W. Leong - 22 May 2006 17:52 GMT
>>> I'm very upset with mine also; they've decided out of the clear blue
>> sky they won't cover one of my meds. I don't think they ought to be
[quoted text clipped - 4 lines]
> something to not covering it. Were you able to ferret out an
> explanation?

Maybe they have different people that process the claims and they
have different notions on whats covered.

I had similar problems before with my insurance at work. My massage
therapist worked in Quebec ( just across the river). Quebec and Ontario
have different rates for massage and that caused some discrepancy on
my coverage. Then there were different interpretation on whether
aromatherapy
was covered. Some claims were accepted, and some weren't. Drove me up
the wall.
These hassles are one of the reasons I didn't  buy my own insurance now that
I am not
working. Without insurance, I just decide what therapies I am willing to pay
for.
Don't have to border to submit an estimate for major things like dental
crowns.
But now as I am getting older, I decide to get insured again, in case I need
costly prescriptions,
at least until I am old enough to get some government subsidies.

Winnie
sriddles@aol.com - 23 May 2006 01:54 GMT
> > Hang in there Monique. I've been round-and-round with insurance
> > companies before, and after all the fretting and worrying I did, they
[quoted text clipped - 27 lines]
> --
> monique, who spoils Oscar unmercifully

Pfft. The drug is called "Folbic." It's basically B vitamins and folic
acid, which is prescribed a lot for vascular patients. The insurance
company says over-the-counter vitamins are "comparable." Except you'd
have to take about six of them every day to equal Folbic. And that's
way more expensive. But the beef I have is, they have paid for the
stupid drug for five years now.

Sherry
sriddles@aol.com - 23 May 2006 01:55 GMT
> > Hang in there Monique. I've been round-and-round with insurance
> > companies before, and after all the fretting and worrying I did, they
[quoted text clipped - 27 lines]
> --
> monique, who spoils Oscar unmercifully

Pfft. The drug is called "Folbic." It's basically B vitamins and folic
acid, which is prescribed a lot for vascular patients. The insurance
company says over-the-counter vitamins are "comparable." Except you'd
have to take about six of them every day to equal Folbic. And that's
way more expensive. But the beef I have is, they have paid for the
stupid drug for five years now.

Sherry
Howard C. Berkowitz - 23 May 2006 04:59 GMT
> Pfft. The drug is called "Folbic." It's basically B vitamins and folic
> acid, which is prescribed a lot for vascular patients. The insurance
> company says over-the-counter vitamins are "comparable." Except you'd
> have to take about six of them every day to equal Folbic. And that's
> way more expensive. But the beef I have is, they have paid for the
> stupid drug for five years now.

You might have grounds for appeal, if the total amount of folic acid is
beyond the FDA limit for over-the-counter sales. I know that my
one-milligram tablets are prescription, and ISTR the nonprescription limit
is 800 micrograms or so.  There are other things, such as potassium salts,
where having more than a given amount in a pill requires a prescription.

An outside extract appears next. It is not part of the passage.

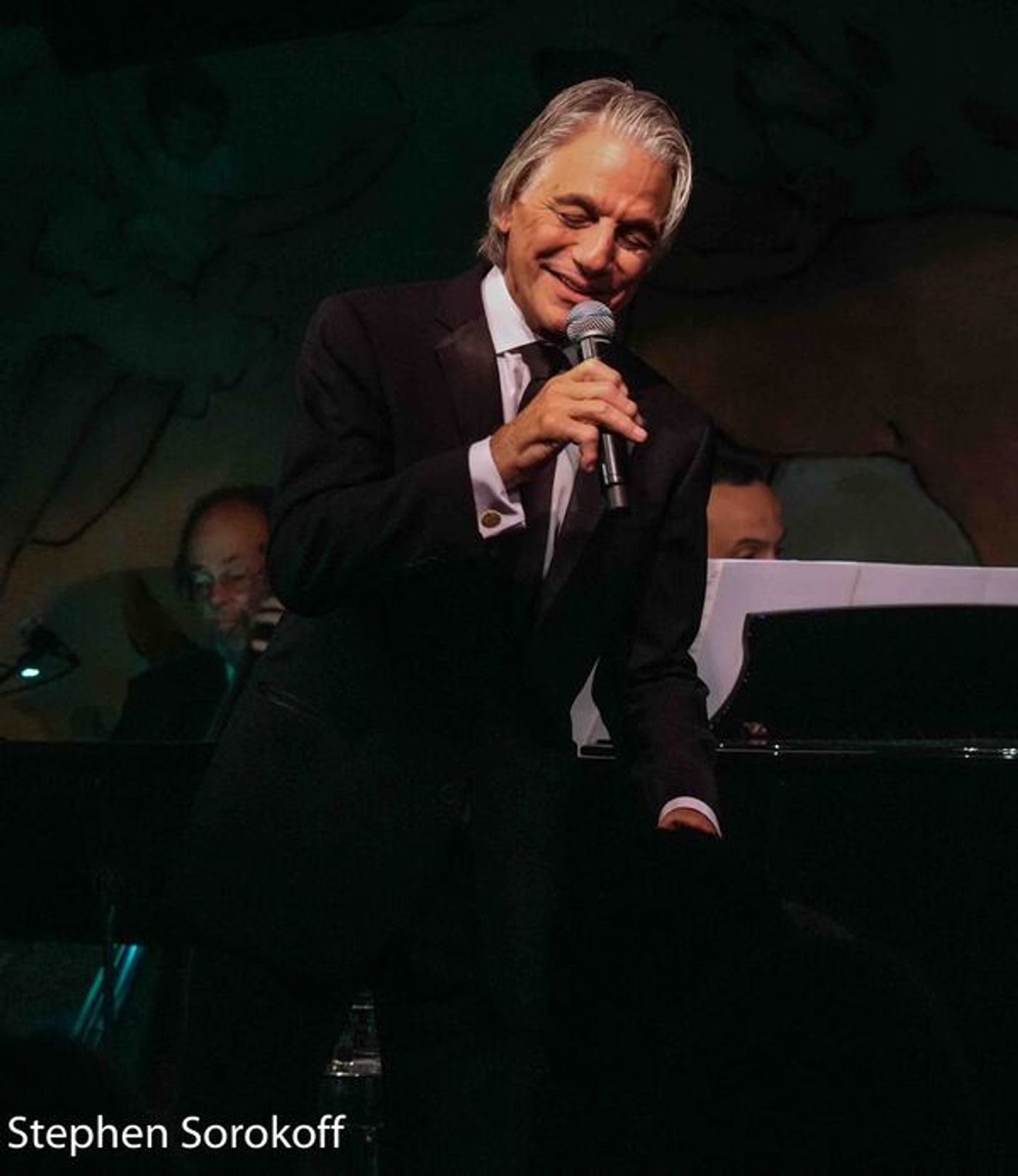 Photos: Tony Danza Brings STANDARDS AND STORIES to Café Carlyle  Image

I would raise the argument that the FDA requires full clinical testing of
tablets containing large quantities of folic acid, and, for a generic,
bioequivalence testing. OTC vitamins have not gone through the formal
bioequivalence comparison.  You might well have the basis of an FDA
complaint that your insurer is usurping FDA's bioequivalence testing rules.
sriddles@aol.com - 23 May 2006 05:19 GMT
> > Pfft. The drug is called "Folbic." It's basically B vitamins and folic
> > acid, which is prescribed a lot for vascular patients. The insurance
[quoted text clipped - 14 lines]
> bioequivalence comparison.  You might well have the basis of an FDA
> complaint that your insurer is usurping FDA's bioequivalence testing rules.

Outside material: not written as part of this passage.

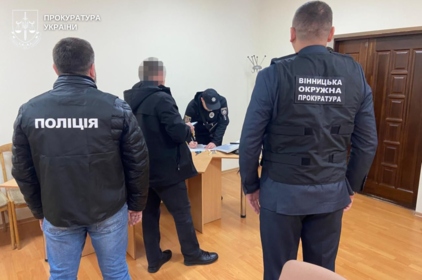 На Вінниччині посадовець вимагав пальне за ухилення від мобілізації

The pharmacist says they can choose what they pay for and not, without
any excuse at all. Which sucks. You can tell the ones they don't like.
They don't like Nexium, either. They are always kicking up about it.
Neither do they like to pay for Zocor--it costs me $40 instead of the
normal $25 copay. I know this is not ethical, but I spend so much money
on medicine, I asked the dr. if he could prescribe 80 mg., I can break
them in half and they last twice as long. He did that for me.
I'm about to ask him to do the same thing for DH's Mobic. We have to
pay $130 a month for it. That's what makes me so angry. They will pay
for *other* arthritis drugs, but not Mobic. It is like they are trying
to control what the dr. prescribes.
Sherry
Monique Y. Mudama - 23 May 2006 06:02 GMT
> The pharmacist says they can choose what they pay for and not,
> without any excuse at all. Which sucks. You can tell the ones they
[quoted text clipped - 8 lines]
> not Mobic. It is like they are trying to control what the dr.
> prescribes.  Sherry

I got a month's worth of this GI medicine today.  Also $40 copay.
Guess they don't like this one, either.

Signature

monique, who spoils Oscar unmercifully

pictures: http://www.bounceswoosh.org/rpca

W. Leong - 23 May 2006 14:42 GMT
> The pharmacist says they can choose what they pay for and not, without
> any excuse at all. Which sucks. You can tell the ones they don't like.
[quoted text clipped - 8 lines]
> to control what the dr. prescribes.
> Sherry

As I said in another post, this is what kept me from getting additional
medical
insurance in the past few years.
Without insurance, I can choose to spend my money on whatever
drugs I need and not dictated by what is covered and what is not.
Of course I can still pay for drugs not covered by insurance, but it would
be
very costly as drugs not covered are usually expensive ones.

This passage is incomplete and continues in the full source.